9) Require medical supervision and sponsorship of this program by a physician, preferably one that specializes in emergency medicine. Employ the physician advisor using the Federal Volunteer Agreement because this agreement specifically offers the physician advisor protection under the Federal Tort Reform Act. The DOF volunteer agreement, by contrast, offers only implied liability protection under the State Worker's Compensation Act.

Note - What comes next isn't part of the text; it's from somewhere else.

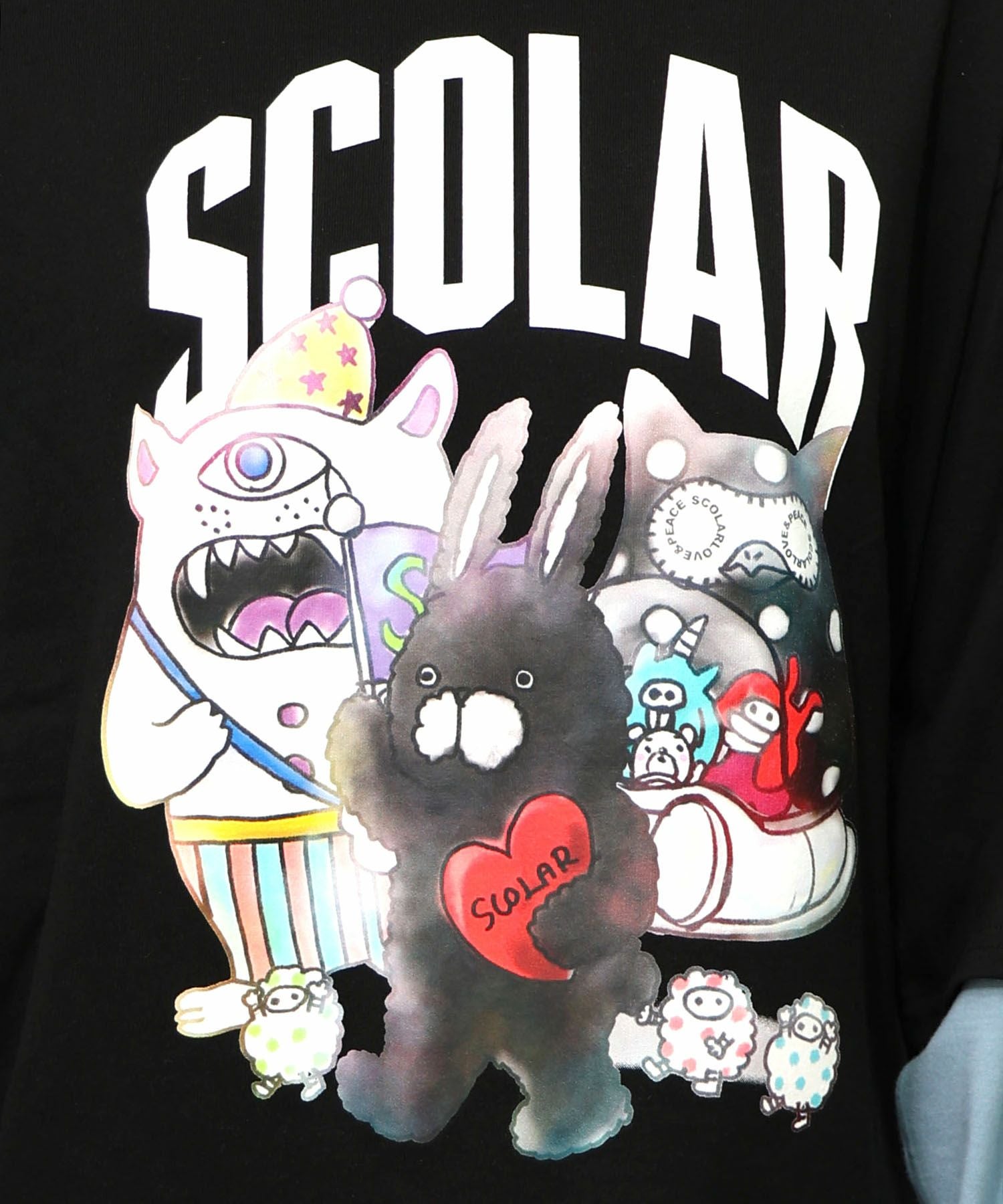 153623：スカラーキャラクターズ柄 レイヤード風ロンTの通販-ScoLar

10) Recognize that over-the-counter medications are potentially dangerous. If a Fire Medic is assigned to a fire, involve that medic in the issuing of any over-the-counter medications to ensure better use of the medications and reduce the chance of misuse. Carefully control the choice and minimize the number of allowable over-the-counter drugs used with this program.
11) Field a unit that consists of both Fire Medic(s) and medic kit, a unit that can be mobilized very quickly and a unit that is ready to operate without immediate resupply. Make this unit as light as is reasonable, easily transportable by air and ready to function immediately after delivery to the incident. Design a program that makes large numbers of kits and medics available in times of high need.
12) Simplify the Fire Medic program by choosing just one scale of medical certification or license, that of Emergency Medical Technician/Paramedic, instead of also considering the use of Registered Nurses, Nurse Practitioners, rural health aides, standard or advanced first aid providers or Physician Assistants. Only Emergency Medical Technician/Paramedics had standardized levels of certification in emergency care. This was also the group that offered the largest potential pool of prospective Fire Medics. Fires may choose to employ nurses, Physicians Assistants, etc. in other medical roles.
13) Fill Fire Medic positions with the most qualified and experienced Emergency Medical Technicians/Paramedics available. Ensure that medics used in this program are carefully selected, experienced and professionally competent. Document that medics are currently practicing and licensed or certified by the State of Alaska as Emergency Medical Technicians or Paramedics. Ensure that the medics are recommended by an Alaskan Emergency Medical Service agency or fire department. Have the medics specifically approved by this program's physician sponsor. Ensure that pay rates are high enough to attract high caliber Emergency Medical Technicians for non-guaranteed employment. Avoid the necessity of using suppression agency regular employees as Fire Medics.
14) Design the Fire Medic program to be cost efficient with the expected gain to the suppression agencies proportional to the cost of the program. Operate the program with minimal expenditures of pre-suppression funds.
15) Ensure that the Fire Medic program is closely monitored and carefully controlled. Provide for ongoing annual review of the Fire Medic program with both internal and external input. Provide for ongoing comparison with on-Fire Medical programs offered by other parts of the suppression community. Make annual modifications to ensure that this program is medically sound, minimizes potential legal liability, incorporates feedback from users and best meets the needs of incidents and the suppression agencies. Ensure that complete program medical records are immediately collected and centrally available for review by the physician sponsor and the medic committee.
16) Provide a written Fire Medic policy that will serve as a complete guide to the Fire Medic program for incidents, medics and agency employees.